“We come here to remember those who were killed,
those who survived and those changed forever.
May all who leave here know the impact of violence.
May this memorial offer comfort, strength, peace, hope and serenity.”
– Oklahoma City National Memorial & Museum
13 thoughts on “Oklahoma City Bombing, April 19, 1995”
such a very sad, sad day. i will never forget it.
I won’t either. Before it happened, we felt so … invincible … in the heartland.
one of the things that has stayed in my mind is that for days and days… until they found the last person… we drove with our headlights on.
as if we were united at least in that way of keeping each other strong. i’ll never forget it.
Yes, I remember vividly those ribbons of light holding us all together.
It’s hard to believe it’s been 19 years because it still seems so fresh in my mind.
The building I worked in — steel and stone — was five miles away, and it shuddered so hard that we all ran outside.
I was in TV when it happened, and one of the things I did was record the satellite feeds.

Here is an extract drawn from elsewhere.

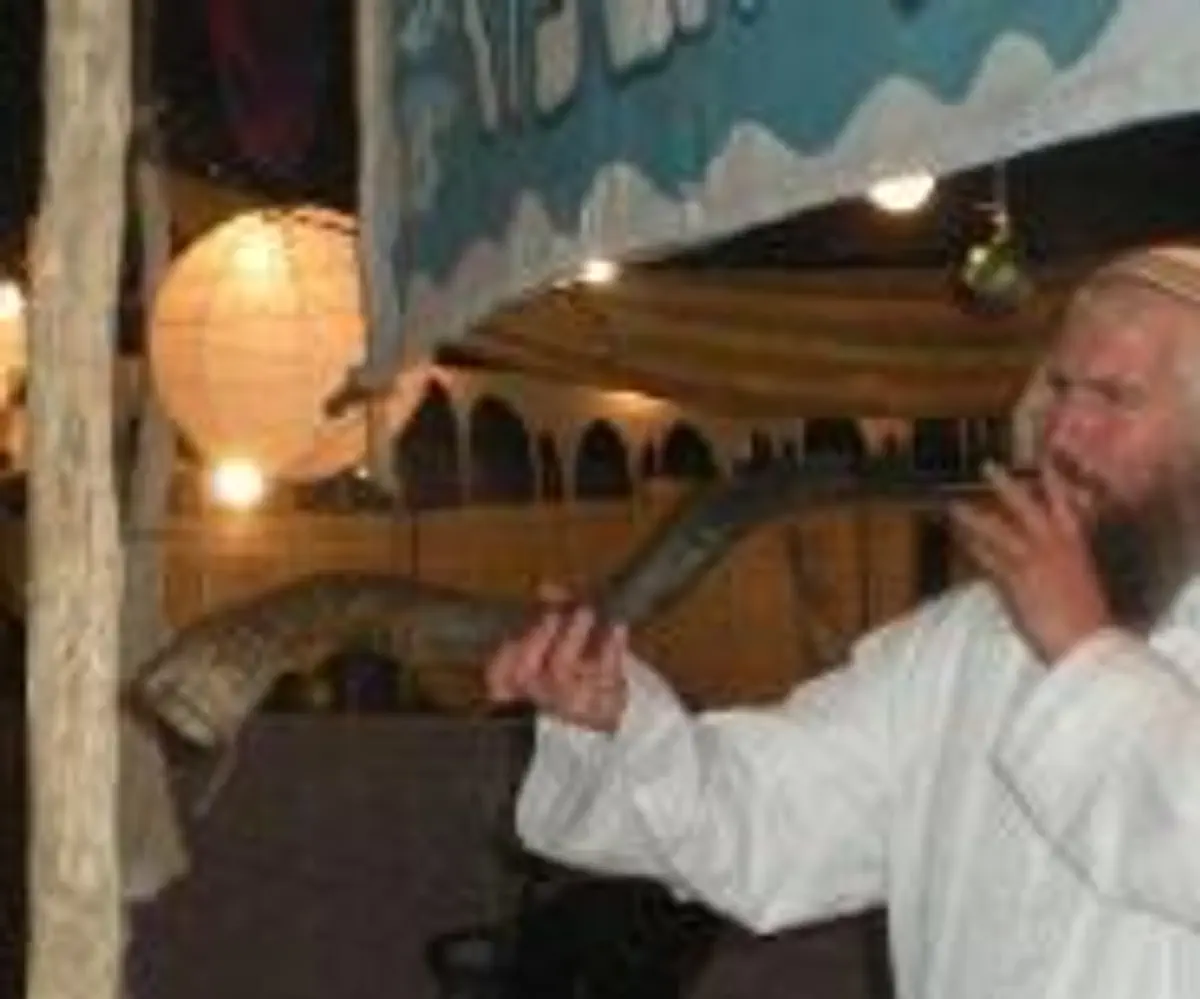 blowing shofar at "Kfar Tefillah" tent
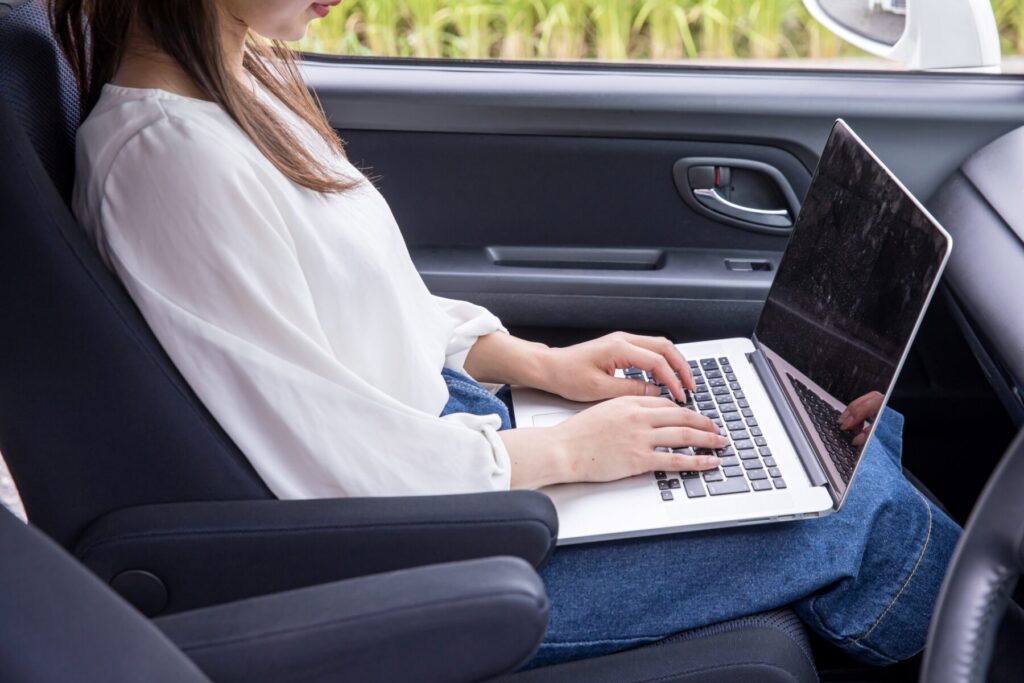 助手席でパソコンを操作する女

It was hard to see anything else when you tried to close your eyes at night.
But at least we did see people coming together to help; it just shouldn’t have to take something so horrible for that to happen.
What happened that day almost makes me wish there was such a thing as Hell PT. I can think no one more deserving of that fate than the monster who’s name deserves no mention.
Nobody in OK has missed him, that’s for sure.
A principal motivation, if not the motivation, behind the Oklahoma City bombing was anti-government passion, the fervent belief that government is the enemy. That sentiment is still virulent today, despite all that government does to make our collective lives better. Today, at one of Joplin’s busiest intersections, we saw a half-dozen men holding up signs asking for support to eliminate the Bureau of Land Management. No secret there as to their feelings about government in general or about public lands specifically. If they had their way, Yellowstone and Yosemite would soon become fenced pastures.
There’s a lot I don’t like about big government, but some things require it if they are to get done. Our national parks are one of those things.
Thanks for posting the ribbon– next Sunday is the OKC Marathon, the Run to Remember. i will be walking the half again this year & the organizers post banners in memory of each of the 168 who perished along the routes. Thousands participate… really is simultaneously a fun and reflective morning.
No thanks needed. It’s personal. OKC is my hometown. Have fun at the run. Sounds like a great event. Too bad it was instituted after I moved away and decades after my running days.